Meanwhile, the escalating tensions have brought renewed attention to Sikhs’ demand for their own state, known as Khalistan.
The Sikh community’s call for an independent ethno-religious state dates back to the tail end of British colonial rule, though the Khalistan movement began to formally take shape in the late 1970s. Across Punjab, armed insurgents launched attacks on Indian police and army soldiers, and were effectively running a parallel government in the region.
The insurgency reached a violent zenith in 1984, when the Indian army stormed the Sikhs’ holiest shrine, the Golden Temple, and killed movement leader Jarnail Singh Bhindranwale, who had fortified the temple and made it his headquarters. While the Indian government puts Operation Blue Star’s death toll at about 400, Sikh groups have argued that thousands were killed, including pilgrims.
Three months later, in retribution, India’s then-prime minister, Indira Gandhi, was assassinated by her two Sikh bodyguards, triggering riots in Delhi and other parts of the country that left thousands more dead.
Jagtar Singh, a Punjab-based journalist who has written two books on the Khalistan movement, says the killing of Mr.
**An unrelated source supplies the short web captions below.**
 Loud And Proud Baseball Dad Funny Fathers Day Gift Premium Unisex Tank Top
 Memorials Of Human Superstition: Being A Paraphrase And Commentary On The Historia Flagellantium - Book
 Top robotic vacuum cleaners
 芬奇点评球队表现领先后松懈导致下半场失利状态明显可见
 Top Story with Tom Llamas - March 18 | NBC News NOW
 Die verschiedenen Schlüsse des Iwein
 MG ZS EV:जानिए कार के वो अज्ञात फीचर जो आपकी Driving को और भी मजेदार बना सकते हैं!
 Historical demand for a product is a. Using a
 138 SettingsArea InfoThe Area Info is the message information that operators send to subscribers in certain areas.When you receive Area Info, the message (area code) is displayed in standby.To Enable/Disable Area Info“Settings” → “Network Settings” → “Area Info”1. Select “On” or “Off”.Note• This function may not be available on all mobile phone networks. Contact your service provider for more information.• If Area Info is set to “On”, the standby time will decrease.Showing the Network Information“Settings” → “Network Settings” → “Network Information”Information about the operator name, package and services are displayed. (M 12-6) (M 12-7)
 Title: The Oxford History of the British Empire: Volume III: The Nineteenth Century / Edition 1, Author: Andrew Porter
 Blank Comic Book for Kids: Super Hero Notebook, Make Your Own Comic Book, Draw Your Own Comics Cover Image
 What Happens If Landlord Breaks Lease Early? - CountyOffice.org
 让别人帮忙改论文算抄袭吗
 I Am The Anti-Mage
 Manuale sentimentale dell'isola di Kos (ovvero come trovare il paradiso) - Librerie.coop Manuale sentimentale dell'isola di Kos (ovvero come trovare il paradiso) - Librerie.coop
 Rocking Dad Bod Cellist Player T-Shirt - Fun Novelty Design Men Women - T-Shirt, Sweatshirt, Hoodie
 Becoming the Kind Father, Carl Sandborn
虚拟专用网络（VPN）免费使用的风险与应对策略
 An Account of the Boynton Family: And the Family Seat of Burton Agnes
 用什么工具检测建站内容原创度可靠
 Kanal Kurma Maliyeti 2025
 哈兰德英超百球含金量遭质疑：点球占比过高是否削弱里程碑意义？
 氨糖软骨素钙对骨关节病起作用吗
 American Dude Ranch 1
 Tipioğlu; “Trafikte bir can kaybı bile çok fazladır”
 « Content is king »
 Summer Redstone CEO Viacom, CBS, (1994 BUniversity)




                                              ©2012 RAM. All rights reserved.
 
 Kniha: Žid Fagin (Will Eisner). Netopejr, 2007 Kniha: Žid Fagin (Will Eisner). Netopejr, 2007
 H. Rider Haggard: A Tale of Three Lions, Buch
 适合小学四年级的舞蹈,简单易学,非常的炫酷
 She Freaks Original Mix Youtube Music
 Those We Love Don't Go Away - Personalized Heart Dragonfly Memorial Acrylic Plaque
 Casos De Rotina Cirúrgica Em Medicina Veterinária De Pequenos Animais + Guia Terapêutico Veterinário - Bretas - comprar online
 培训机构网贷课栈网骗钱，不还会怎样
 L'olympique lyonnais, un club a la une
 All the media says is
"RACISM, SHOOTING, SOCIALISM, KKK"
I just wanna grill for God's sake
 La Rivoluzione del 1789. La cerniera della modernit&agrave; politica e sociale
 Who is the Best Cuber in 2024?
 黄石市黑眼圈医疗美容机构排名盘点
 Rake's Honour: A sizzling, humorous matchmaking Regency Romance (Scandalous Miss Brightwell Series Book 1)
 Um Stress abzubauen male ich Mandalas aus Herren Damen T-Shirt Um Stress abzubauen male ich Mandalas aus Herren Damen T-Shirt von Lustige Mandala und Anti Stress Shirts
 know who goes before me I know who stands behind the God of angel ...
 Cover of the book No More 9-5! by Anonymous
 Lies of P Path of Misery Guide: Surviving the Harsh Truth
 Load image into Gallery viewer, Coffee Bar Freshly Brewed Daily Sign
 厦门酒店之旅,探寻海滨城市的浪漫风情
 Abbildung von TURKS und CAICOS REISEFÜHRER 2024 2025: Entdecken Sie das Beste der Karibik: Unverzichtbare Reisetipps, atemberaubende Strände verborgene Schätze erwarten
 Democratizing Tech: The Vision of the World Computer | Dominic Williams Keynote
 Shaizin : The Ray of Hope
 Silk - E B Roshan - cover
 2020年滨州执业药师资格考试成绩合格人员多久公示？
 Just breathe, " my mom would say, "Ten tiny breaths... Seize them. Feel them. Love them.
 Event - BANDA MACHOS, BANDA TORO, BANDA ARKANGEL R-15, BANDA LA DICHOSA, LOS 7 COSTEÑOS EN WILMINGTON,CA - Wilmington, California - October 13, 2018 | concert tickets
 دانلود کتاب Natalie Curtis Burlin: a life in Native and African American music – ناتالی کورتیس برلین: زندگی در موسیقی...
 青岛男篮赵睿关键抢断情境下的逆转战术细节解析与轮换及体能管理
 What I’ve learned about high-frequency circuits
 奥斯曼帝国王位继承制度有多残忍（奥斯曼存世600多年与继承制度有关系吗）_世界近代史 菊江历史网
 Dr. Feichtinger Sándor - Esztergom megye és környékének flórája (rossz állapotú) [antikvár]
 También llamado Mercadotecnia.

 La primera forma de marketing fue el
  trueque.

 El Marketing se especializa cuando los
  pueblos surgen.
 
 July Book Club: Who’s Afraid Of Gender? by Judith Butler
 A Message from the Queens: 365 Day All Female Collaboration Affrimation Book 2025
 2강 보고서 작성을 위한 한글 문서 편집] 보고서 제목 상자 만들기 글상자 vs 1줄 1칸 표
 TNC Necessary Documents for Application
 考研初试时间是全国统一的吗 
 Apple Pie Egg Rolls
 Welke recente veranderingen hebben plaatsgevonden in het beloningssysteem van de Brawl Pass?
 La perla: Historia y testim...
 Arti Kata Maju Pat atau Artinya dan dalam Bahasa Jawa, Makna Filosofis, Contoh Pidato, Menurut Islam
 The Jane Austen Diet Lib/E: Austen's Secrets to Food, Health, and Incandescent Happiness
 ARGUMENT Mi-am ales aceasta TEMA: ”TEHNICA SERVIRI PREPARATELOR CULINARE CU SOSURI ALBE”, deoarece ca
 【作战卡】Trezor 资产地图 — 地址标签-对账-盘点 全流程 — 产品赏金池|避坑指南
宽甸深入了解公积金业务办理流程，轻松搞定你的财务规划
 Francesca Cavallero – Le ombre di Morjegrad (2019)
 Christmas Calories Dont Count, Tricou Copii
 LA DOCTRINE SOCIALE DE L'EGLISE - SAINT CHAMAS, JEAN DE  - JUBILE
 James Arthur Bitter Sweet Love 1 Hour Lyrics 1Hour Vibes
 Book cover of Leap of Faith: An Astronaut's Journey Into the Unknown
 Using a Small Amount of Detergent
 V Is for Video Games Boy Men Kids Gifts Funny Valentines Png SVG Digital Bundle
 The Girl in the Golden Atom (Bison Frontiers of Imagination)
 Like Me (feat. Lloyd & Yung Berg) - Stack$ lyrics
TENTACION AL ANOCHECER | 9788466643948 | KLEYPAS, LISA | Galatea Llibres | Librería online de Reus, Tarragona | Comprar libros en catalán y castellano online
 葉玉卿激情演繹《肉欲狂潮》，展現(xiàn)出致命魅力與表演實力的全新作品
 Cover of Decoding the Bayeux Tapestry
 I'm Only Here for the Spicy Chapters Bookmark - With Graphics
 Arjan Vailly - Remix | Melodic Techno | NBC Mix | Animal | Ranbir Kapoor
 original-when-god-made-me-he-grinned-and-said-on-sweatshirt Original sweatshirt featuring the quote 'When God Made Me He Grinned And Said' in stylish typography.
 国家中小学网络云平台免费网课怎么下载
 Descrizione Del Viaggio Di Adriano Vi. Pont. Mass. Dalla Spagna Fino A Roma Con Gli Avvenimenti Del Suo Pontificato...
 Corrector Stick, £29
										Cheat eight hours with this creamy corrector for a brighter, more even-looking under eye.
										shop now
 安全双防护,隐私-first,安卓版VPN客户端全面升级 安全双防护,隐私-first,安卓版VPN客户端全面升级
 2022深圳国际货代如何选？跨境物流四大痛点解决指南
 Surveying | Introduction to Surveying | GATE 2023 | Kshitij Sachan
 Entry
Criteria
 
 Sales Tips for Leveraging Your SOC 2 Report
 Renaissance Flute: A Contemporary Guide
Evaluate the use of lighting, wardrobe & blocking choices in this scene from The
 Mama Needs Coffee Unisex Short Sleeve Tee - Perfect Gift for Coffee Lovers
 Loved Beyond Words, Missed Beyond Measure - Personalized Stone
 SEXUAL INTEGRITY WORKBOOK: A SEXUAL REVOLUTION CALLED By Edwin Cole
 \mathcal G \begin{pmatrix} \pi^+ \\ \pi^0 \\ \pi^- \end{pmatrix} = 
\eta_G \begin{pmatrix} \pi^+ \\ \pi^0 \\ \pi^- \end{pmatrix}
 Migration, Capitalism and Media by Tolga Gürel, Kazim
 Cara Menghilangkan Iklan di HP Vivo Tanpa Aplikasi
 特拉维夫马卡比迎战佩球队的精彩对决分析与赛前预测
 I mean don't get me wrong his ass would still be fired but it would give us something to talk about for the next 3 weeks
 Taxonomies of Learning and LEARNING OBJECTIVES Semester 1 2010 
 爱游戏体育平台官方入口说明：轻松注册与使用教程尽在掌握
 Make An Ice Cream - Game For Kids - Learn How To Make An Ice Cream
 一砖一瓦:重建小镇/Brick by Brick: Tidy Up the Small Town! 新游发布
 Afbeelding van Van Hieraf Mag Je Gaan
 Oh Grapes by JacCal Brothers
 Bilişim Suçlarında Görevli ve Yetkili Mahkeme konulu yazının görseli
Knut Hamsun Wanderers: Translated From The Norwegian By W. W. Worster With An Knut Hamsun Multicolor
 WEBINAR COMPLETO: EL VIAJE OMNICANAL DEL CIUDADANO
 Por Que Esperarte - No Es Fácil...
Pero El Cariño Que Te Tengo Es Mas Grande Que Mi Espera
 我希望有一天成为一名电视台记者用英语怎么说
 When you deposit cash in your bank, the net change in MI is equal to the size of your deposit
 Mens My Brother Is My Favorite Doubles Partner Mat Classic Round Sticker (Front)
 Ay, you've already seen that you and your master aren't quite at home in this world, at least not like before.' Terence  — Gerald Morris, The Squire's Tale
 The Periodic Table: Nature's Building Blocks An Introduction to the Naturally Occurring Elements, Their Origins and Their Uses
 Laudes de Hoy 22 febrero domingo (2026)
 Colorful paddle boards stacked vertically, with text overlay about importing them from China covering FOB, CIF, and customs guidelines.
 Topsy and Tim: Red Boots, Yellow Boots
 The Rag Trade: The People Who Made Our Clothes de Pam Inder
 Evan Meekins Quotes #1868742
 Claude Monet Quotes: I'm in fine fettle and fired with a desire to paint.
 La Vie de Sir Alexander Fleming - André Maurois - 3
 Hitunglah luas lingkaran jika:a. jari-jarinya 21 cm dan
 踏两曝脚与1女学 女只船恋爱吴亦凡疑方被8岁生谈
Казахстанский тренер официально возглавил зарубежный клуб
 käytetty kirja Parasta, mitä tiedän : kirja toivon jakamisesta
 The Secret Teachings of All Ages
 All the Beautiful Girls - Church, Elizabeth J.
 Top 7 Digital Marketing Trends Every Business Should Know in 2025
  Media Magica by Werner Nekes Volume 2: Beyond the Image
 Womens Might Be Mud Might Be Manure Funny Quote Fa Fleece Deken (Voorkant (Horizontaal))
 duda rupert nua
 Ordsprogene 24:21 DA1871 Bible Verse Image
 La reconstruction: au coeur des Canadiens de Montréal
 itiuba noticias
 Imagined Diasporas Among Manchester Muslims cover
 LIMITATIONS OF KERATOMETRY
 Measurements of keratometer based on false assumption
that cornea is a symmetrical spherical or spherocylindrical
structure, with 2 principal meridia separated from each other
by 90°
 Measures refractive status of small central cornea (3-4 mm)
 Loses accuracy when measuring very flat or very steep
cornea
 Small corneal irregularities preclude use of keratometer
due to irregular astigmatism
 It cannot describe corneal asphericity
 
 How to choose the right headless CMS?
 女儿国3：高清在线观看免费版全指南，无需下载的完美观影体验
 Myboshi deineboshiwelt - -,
Bhindranwale made him an icon of the Sikh resistance, spurring support for independence but also leading to a harsh crackdown by Indian authorities.
In the chaotic years that followed, thousands of Sikhs – those affiliated with the Khalistan movement and those who weren’t – moved abroad to places such as the United Kingdom and Canada, which today is home to the largest Sikh population outside India. Some, like Mr. Nijjar, brought the Khalistani ideology with them. He sought refuge in Canada in 1997, and after working as a plumber for some time, he became a vocal activist.
Back in India, the aggressive counterinsurgency, as well as movement infighting, led most major militant factions to collapse by the mid-1990s, but the movement never actually died, says Mr. Singh.
While things aren’t always peaceful in Punjab, priorities on the ground have largely shifted. Amandeep Sandhu, a Punjabi writer and journalist who has been closely following the movement, says people “have moved away from the demand of the Khalistan movement” and now want better governance and jobs.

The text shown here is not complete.